[Freeipa-devel] NTP in FreeIPA

Alexander Bokovoy abokovoy at redhat.com
Tue Nov 29 17:10:12 UTC 2016


On ti, 29 marras 2016, Petr Spacek wrote:
>On 29.11.2016 16:02, Rob Crittenden wrote:
>> Petr Spacek wrote:
>>> On 29.11.2016 09:11, Jan Cholasta wrote:
>>>> On 28.11.2016 20:57, Rob Crittenden wrote:
>>>>> David Kupka wrote:
>>>>>> On 22/11/16 23:15, Gabe Alford wrote:
>>>>>>> I would say that it is worth keeping in FreeIPA. I know myself and some
>>>>>>> customers use its functionality by having the clients sync to the IPA
>>>>>>> servers and have the servers sync to the NTP source.

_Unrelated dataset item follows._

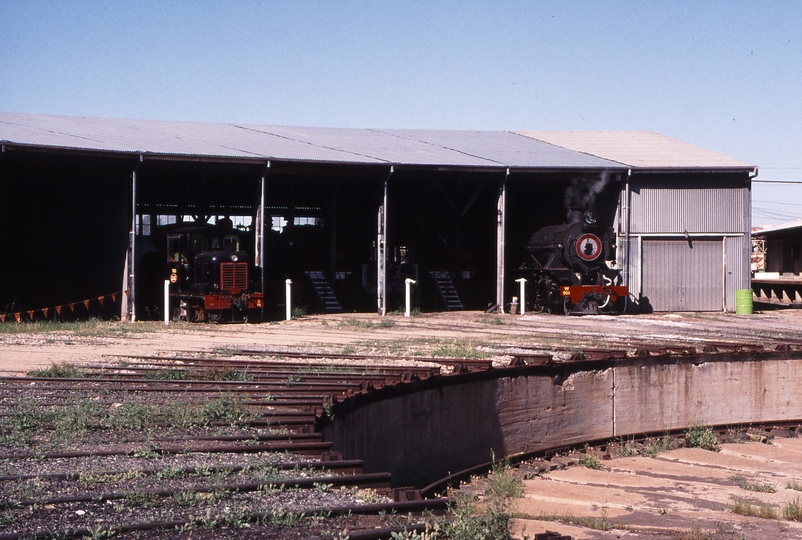 122828: Peterborough Locomotive Depot Z 1151 W 901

This way if the NTP
>>>>>>> source ever gets disrupted for long periods of time (which has
>>>>>>> happened in
>>>>>>> my environment) the client time drifts with the authentication source.
>>>>>>> This
>>>>>>> is the way that AD often works and is configured.
>>>>>>
>>>>>> Hello Gabe,
>>>>>> I agree that it's common practice to synchronize all nodes in network
>>>>>> with single source in order to have the same time and save bandwidth.
>>>>>> Also I understand that it's comfortable to let FreeIPA installer take
>>>>>> care of it.
>>>>>> But I don't think FreeIPA should do it IMO this is job for Ansible or
>>>>>> similar tool. Also the problem is that in some situations FreeIPA
>>>>>> installer makes it worse.
>>>>>>
>>>>>> Example:
>>>>>>
>>>>>> 1. Install FreeIPA server (ipa1.example.org)

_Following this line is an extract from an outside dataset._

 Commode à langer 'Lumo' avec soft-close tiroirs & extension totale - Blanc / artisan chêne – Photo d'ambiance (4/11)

>>>>>> 2. Install FreeIPA client on all nodes in network
>>>>>> 3. Install replica (ipa2.example.org) of FreeIPA server to increase
>>>>>> redundancy
>>>>>>
>>>>>> Now all the clients have ipa1.example.org as the only server in
>>>>>> /etc/ntp.conf. If the first FreeIPA server becomes unreachable all
>>>>>> clients will be able to contact KDC on the other server thanks to DNS
>>>>>> autodiscovery in libkrb5 but will be unable to synchronize time.
>>>>>
>>>>> Remember that the goal of IPA was to herd together a bunch of software
>>>>> to make hard things easier. This included dealing with the 5-minute
>>>>> Kerberos window so ntp was configured on the client and server (which is
>>>>> less of any issue now).
>>>>>
>>>>> When making changes you have to ask yourself who are you making this
>>>>> easier for: you or the user.
>>>>>
>>>>> Yes, getting NTP right is hard, but does it meet the 80/20 rule in terms
>>>>> of success? I'd think so. I
>>>>>
>>>>> If someone wants to configure it using Ansible they can use the
>>>>> --no-ntp. If they want to use different time servers they can pass in
>>>>> --ntp-server. But by default IMHO it should do something sane to give a
>>>>> good experience.
>>>>
>>>> I think to do something sane is exactly the point of this, and the sanest
>>>> thing we can do is to not touch NTP configuration at all:
>>>>
>>>>   * if the NTP configuration obtained via DHCP works, we can't make it any
>>>> better by touching it, only worse,
>>>>   * if the default NTP configuration shipped with the distribution works, we
>>>> again can't make it any better by touching it,
>>>>   * if we are running inside container, time is synchronized by other means
>>>> and we should not touch NTP configuration at all,
>>>>   * if neither the default NTP configuration nor the NTP configuration
>>>> obtained via DHCP works and we are not running inside container, we may
>>>> attempt to fix the configuration, but it will not be permanent and will work
>>>> only for this specific host.
>>>>
>>>> I think the first 3 points cover 99% of real-life deployments, and yet we are
>>>> optimized towards the remaining 1%, with the potential of breaking the
>>>> configuration for the 99%. This is far from sane IMHO.
>>>
>>> +1 for Honza's point.
>>>
>>> Current NTP code is works only for initial setup and silently breaks
>>> synchronization later on. Most importantly it breaks synchronization as soon
>>> as admin removes old replicas and replaces them with new ones - there is no
>>> mechanism to update the records in the client configuration (and SRV discovery
>>> is not supported by clients).
>>>
>>> I.e. when admin decommission replicas which were around at the time of client
>>> installation, the NTP on client will silently break. This would not happen if
>>> you did not touch it.
>>>
>>> (This also implicitly means that IPA-configured NTP is broken on all clients
>>> in topologies which were completely migrated from RHEL 6 to RHEL 7.)
>>>
>>> Either DHCP or default distro config would solve the problem better.
>>
>> That's fair but where are the huge pile of bugs, tickets and user
>> e-mails complaining about time? Or has nobody noticed yet?
>
>Hard to say. There might be multiple reasons for this. E.g.
>
>- Starting with Fedora 16, there is Chronyd installed by default. IPA client
>installer does not configure Chronyd by default so there is nothing to break.
>
>- DHCP integration still modifies IPA-generated ntp.conf.
>
>- Users who care might use configuration management tool.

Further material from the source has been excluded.